**Directions for this task**
Exactly the lines from the one containing "DAX Prognose am 29.07.2023 - h4 Analyse" through the one containing "台南奇蹟房屋室內格局與周邊環境" in the listing below are to be copied, with the pictures left out.

**Exercise input**
Content starts
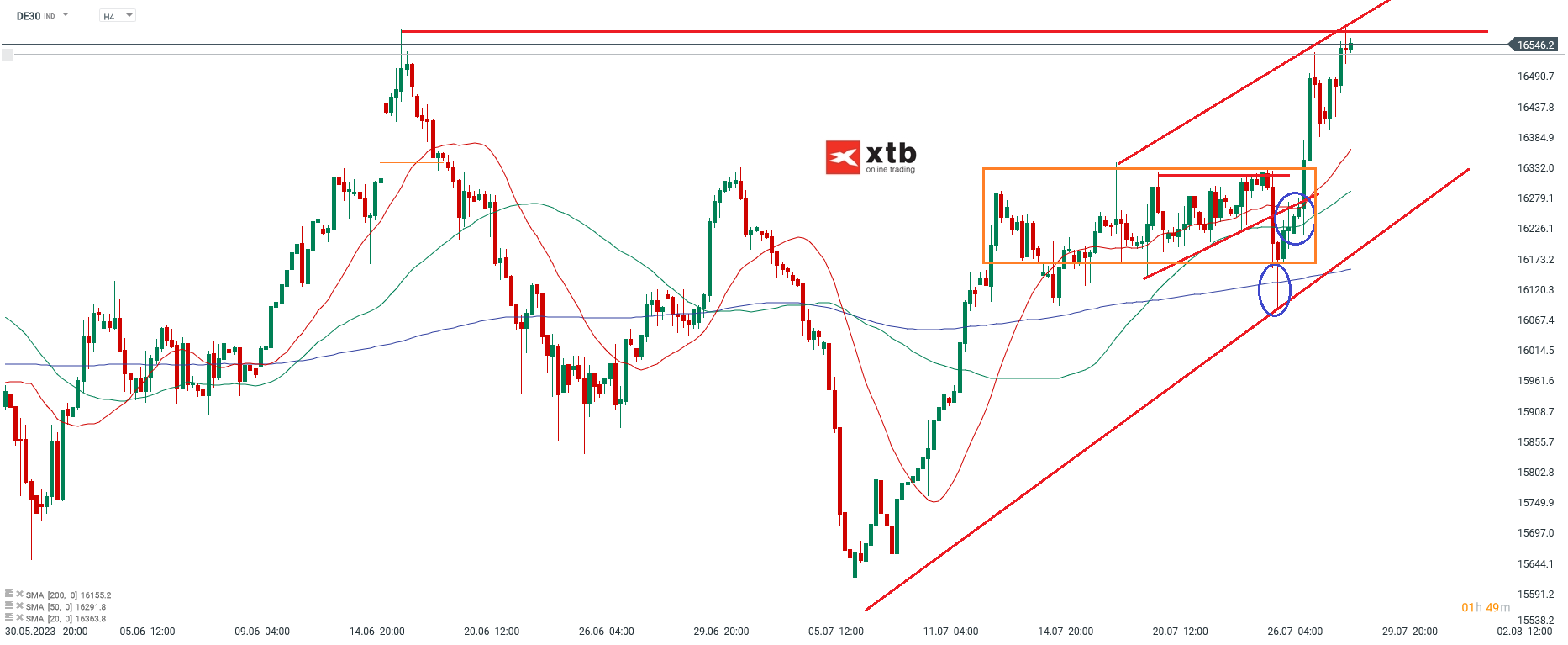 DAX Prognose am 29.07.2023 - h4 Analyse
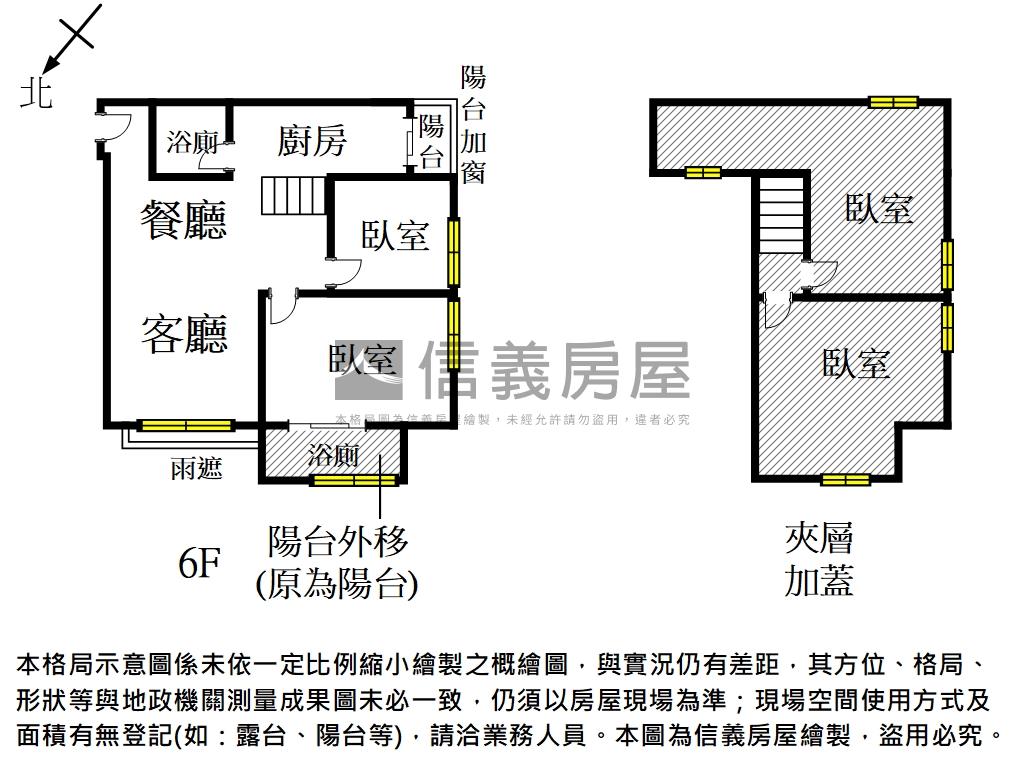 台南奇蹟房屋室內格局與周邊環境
Content ends
Content starts
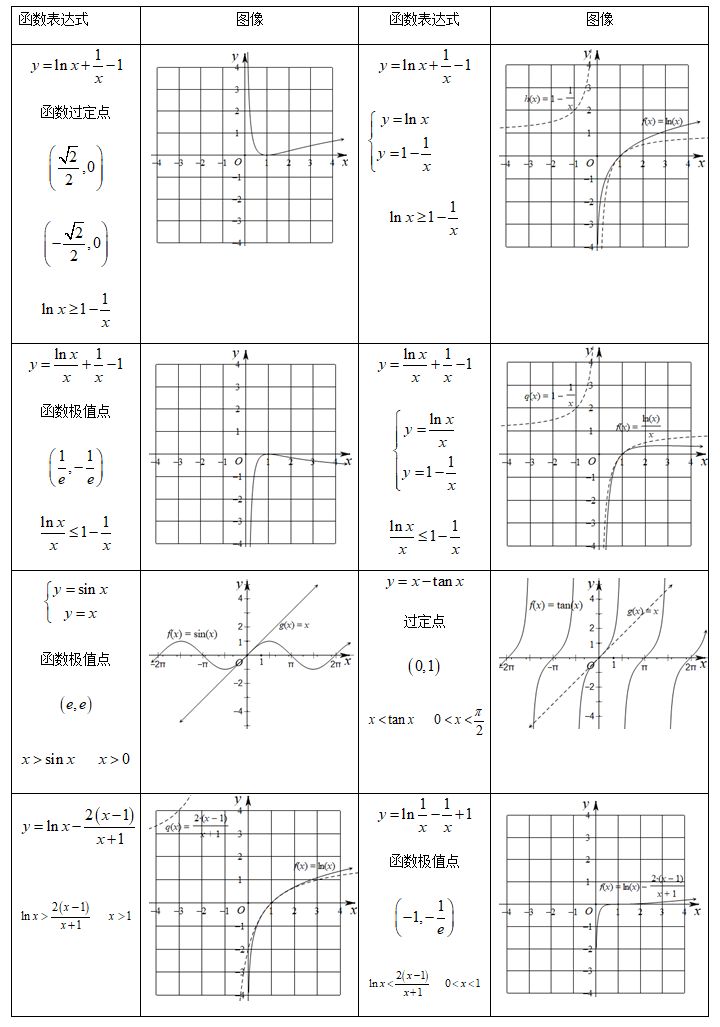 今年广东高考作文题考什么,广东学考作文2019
Content ends
**Response area**
 DAX Prognose am 29.07.2023 - h4 Analyse
 台南奇蹟房屋室內格局與周邊環境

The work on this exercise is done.